There’s a pattern in software engineering that I think about a lot. You build something that handles complexity. Then the complexity changes. And now you’re maintaining infrastructure for a problem you no longer have.

This is the story of sessions.json, which was a multi-session cache with hash-based keys, idle timeouts, daily rotation at 4am, atomic temp-file persistence, and expire callbacks. It got replaced by session_id.txt, which contains one string. The diff was -398 lines, +234 lines. The system got more reliable by becoming dumber.

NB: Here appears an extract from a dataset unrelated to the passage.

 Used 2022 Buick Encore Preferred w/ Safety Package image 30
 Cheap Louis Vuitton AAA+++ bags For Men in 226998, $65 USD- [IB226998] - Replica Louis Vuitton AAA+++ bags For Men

I have a lot of feelings about this.

The Pool: An Obituary

Let me paint you a picture of what the session manager looked like 24 hours before it was gutted. This was manager.py at commit 7d84809:

# Session cache: maps (prompt_hash, model) -> (session_id, last_used_timestamp)
_session_cache: dict[tuple[str, str], tuple[str, float]] = {}

# Persistence file
SESSIONS_FILE = Path(__file__).parent.parent.parent / 'data' / 'sessions.json'

# Rotation policy
SESSION_IDLE_TIMEOUT = 14400   # 4 hours idle -> rotate
SESSION_RESET_HOUR = 4         # Daily reset at 4am

A hash map. Keyed on prompt hash plus model name. With timestamps. And a rotation policy. For an application that has exactly one user and exactly one conversation at a time.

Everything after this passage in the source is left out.